Today Rick Aristotle Munarriz of The Motley Fool published an article titled “4 Stocks To Sell In 2007”. In the piece he identified XM Satellite radio as a stock to sell. His reasoning is in the excerpt below:

XM Satellite Radio Yes, XM's stock is up 65% since bottoming out this summer -- but why are the fundamentals singing a different tune? The former Motley Fool Rule Breakers recommendation has had to hose down its year-end subscriber targets three times this year, and retail sales are slumping. The few sales taking place at the consumer-electronics superstores seem to be favoring rival Sirius and its sleek Stiletto model, yet even Sirius has talked down the industry's near-term performance.

A lot of the air in XM's shares lately stems from buyout speculation that may never come to fruition. Even if a deal is struck, it may not get regulatory approval. I'm guessing that the Grinch may stick around until attractive add-ons like backseat video materialize in 2008 or 2009.

We here at SSG would like to take a look at this point by point.

Yes, XM's stock is up 65% since bottoming out this summer -- but why are the fundamentals singing a different tune?

The fundamentals may well be swinging to the other direction going forward. XM is on the cusp of CFBE (after capex), and could very well be reporting narrower losses each quarter going forward. This would illustrate stronger fundamentals than Mr. Munarriz is indicating.
The former Motley Fool Rule Breakers recommendation has had to hose down its year-end subscriber targets three times this year, and retail sales are slumping. The few sales taking place at the consumer-electronics superstores seem to be favoring rival Sirius and its sleek Stiletto model, yet even Sirius has talked down the industry's near-term performance.
Yes, XM did have to lower guidance on a few occasions this year. The equity took a big hit as a result. This, coupled with other bad news took its toll on XM throughout the year. The recent subscriber guidance held the line though, which was indicative that the worst has happened. This could well be a case of the bottom being set for this equity. While it is true that Sirius has had an advantage at retail, XM is still selling units.

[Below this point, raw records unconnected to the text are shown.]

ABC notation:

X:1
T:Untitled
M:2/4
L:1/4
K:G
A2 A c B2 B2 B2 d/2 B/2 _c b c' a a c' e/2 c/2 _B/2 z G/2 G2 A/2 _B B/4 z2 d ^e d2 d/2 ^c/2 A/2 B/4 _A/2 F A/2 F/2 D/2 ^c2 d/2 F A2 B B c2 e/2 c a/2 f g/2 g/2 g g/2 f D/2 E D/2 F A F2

A lot of the air in XM's shares lately stems from buyout speculation that may never come to fruition. Even if a deal is struck, it may not get regulatory approval.

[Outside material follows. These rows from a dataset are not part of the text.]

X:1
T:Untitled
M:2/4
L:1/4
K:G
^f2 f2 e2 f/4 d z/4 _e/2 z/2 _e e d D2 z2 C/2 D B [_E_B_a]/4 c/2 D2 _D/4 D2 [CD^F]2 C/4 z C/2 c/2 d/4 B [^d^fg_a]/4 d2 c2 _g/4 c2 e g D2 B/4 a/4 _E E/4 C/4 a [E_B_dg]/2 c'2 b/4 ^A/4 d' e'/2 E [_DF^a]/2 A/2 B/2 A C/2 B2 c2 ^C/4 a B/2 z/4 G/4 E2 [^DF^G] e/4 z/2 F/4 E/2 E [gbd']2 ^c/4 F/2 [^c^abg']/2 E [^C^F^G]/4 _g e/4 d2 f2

While there has been a run-up that has in part been fueled by buy-out and merger talk, it is not the sole reason for the price increase. Respected professionals who follow the issue believe pretty strongly that regulators could look favorably on a buy-out or merger, and if it were to come to fruition, the shareholders could see a nice benefit in a short time frame. If it were to not happen, then the narrowing losses, and CFBE should be more than enough to keep the stock price stable, and allow for growth going forward.

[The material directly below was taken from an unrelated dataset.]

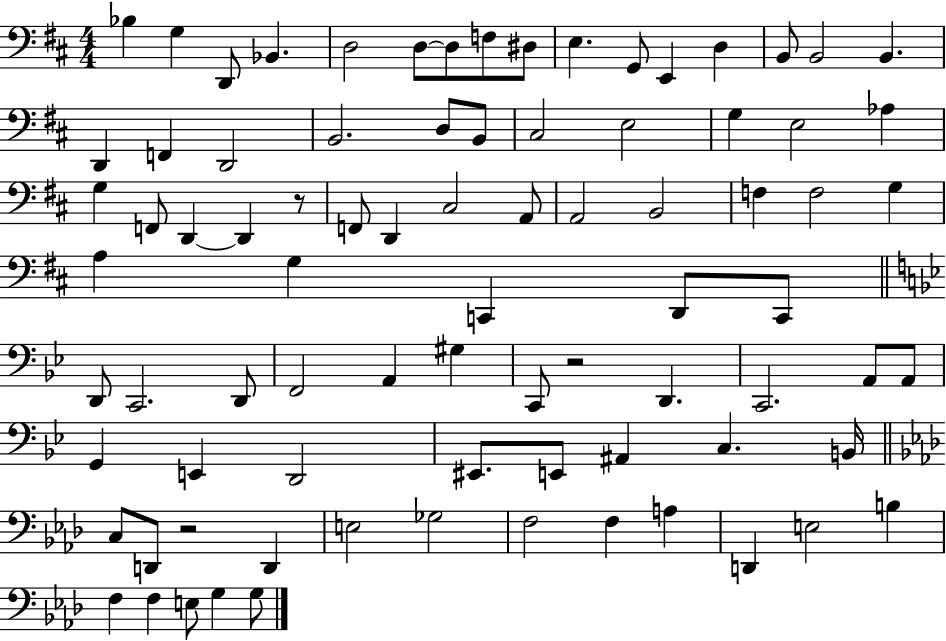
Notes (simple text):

Bb3/q G3/q D2/e Bb2/q. D3/h D3/e D3/e F3/e D#3/e E3/q. G2/e E2/q D3/q B2/e B2/h B2/q. D2/q F2/q D2/h B2/h. D3/e B2/e C#3/h E3/h G3/q E3/h Ab3/q G3/q F2/e D2/q D2/q R/e F2/e D2/q C#3/h A2/e A2/h B2/h F3/q F3/h G3/q A3/q G3/q C2/q D2/e C2/e D2/e C2/h. D2/e F2/h A2/q G#3/q C2/e R/h D2/q. C2/h. A2/e A2/e G2/q E2/q D2/h EIS2/e. E2/e A#2/q C3/q. B2/s C3/e D2/e R/h D2/q E3/h Gb3/h F3/h F3/q A3/q D2/q E3/h B3/q F3/q F3/q E3/e G3/q G3/e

Satellite radio has only scratched the surface of potential subscribers, and satisfaction among those that do subscribe is very high. Improved financial metrics and a strong subscriber base are the fuel that will lead to profits.

XM a Sell in 2007? It may well be a buy. Personally I feel that there is a stronger argument for a buy than for a sell at this point. At a bear minimum, it is a hold. To call a sell only 2 weeks prior to the end of the quarter, and 3 weeks prior to CES where there is sure to be news seems foolish in my eyes.